Antonne Henshaw shared his story of being “literally thrown away” at age 17 — of going from no criminal record to serving 30 years to life in New Jersey State Prison. He spoke of “literally having to fight, every day,” for his life, and how that fight has reverberated.

“I felt deeply disturbed by surviving something that was meant to kill me, and that I could not move on with my life,” said Henshaw. “So I dedicated myself to helping people like me, and families of people like me, in my community.”

Henshaw, a founding member of the New Jersey Scholarship and Transformative Education in Prisons Program, and CEO and founder of the Transformative Justice Initiative (which partners with the Lang Center) expressed his frustration with structural impediments to reform.

Lucy Lang moderates discussion

New York State Inspector General Lucy Lang ’03 moderated the discussion.

“For a lot of the things that we're fighting, we're out-organized, because the people that want to maintain the current system, and the events and the mechanizations of the system, are very well-organized,” he said. “They understand exactly what they're doing, why they're doing it, and how to do it.”
Along that line, Delaware County First Assistant District Attorney Tanner Rouse implored the Swarthmore students in attendance to get involved in efforts like youth panels, diversion programs, and bail-review processes. These and other programs have helped the county cut its prison population by a third in recent years, he said.

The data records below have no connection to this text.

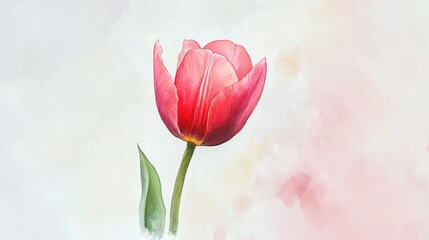 Poster - Delicate pink tulip watercolor painting with soft background showcasing artistic floral beauty and elegance.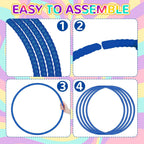 Shappy - 6 piezas de aros de ejercicio desmontables ajustables, juguete de plástico, juguetes de patio de juegos, aros circulares de colores para juegos de adolescentes, gimnasia, equipo de agilidad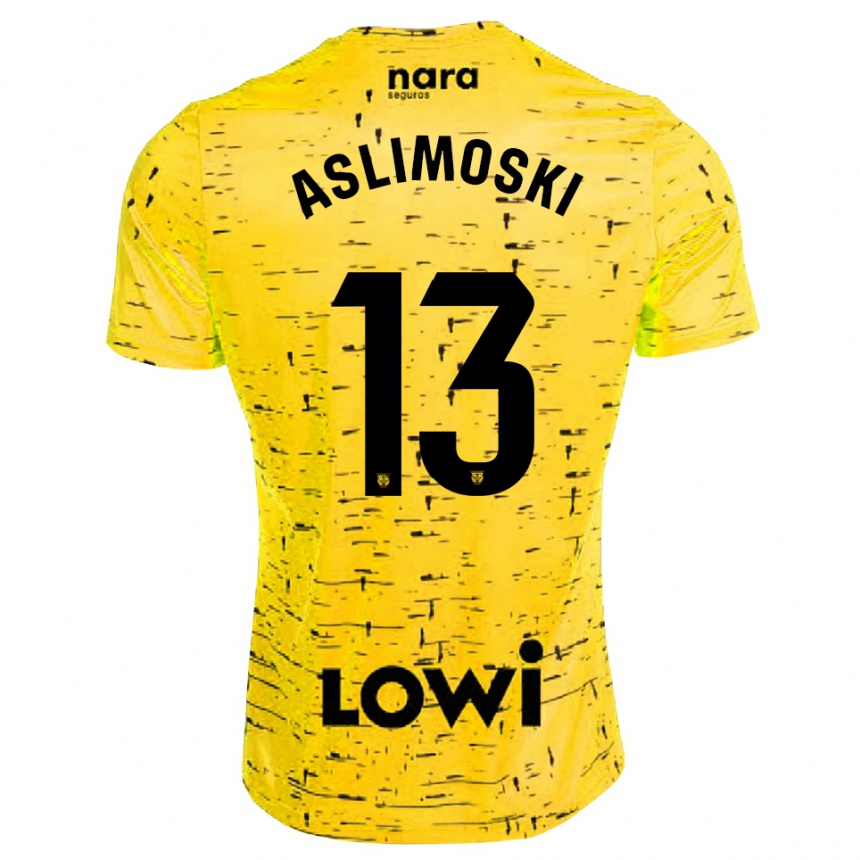 גברים כדורגל Tomme Aslimoski #13 צהוב שחור חולצת שוער 2025/26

“This is an open invitation and a challenge to everybody to not just be floored, to not just be kind of hopeful, to not just be angry, but to do something about it,” Rouse said.

The power of such action became evident last year, when a long-overdue chapter was added to Williams’ story. In June, a Delaware County judge granted a motion for a new trial, with the packed courthouse “erupting in applause,” says Lemon. Then the District Attorney’s Office opted not to pursue a trial and dropped the charges.

Then in August, Williams’ supporters and family received a special proclamation from the office of then-Pennsylvania Governor Tom Wolf, acknowledging the wrongful conviction of Williams and apologizing for his wrongful execution.

“I hadn’t expected it to be such an emotional event, full of tears,” said Lemon. “But it was just a deeply moving experience, to witness this sort of intergenerational healing.

“And it shows that it’s never too late for justice.”

The event was the third in a series presented by the Board of Managers’ Committee on Social Responsibility to engage the College community in thinking together about what it means to live, work, and lead in a multi-racial, diverse, and inclusive democracy. It was co-sponsored by the President's Fund for Racial Justice. The next event in the series, Telling Our Stories: Amplifying Indigenous Voices In North America, will take place on Tuesday, Feb. 21, at 7 p.m. over Zoom.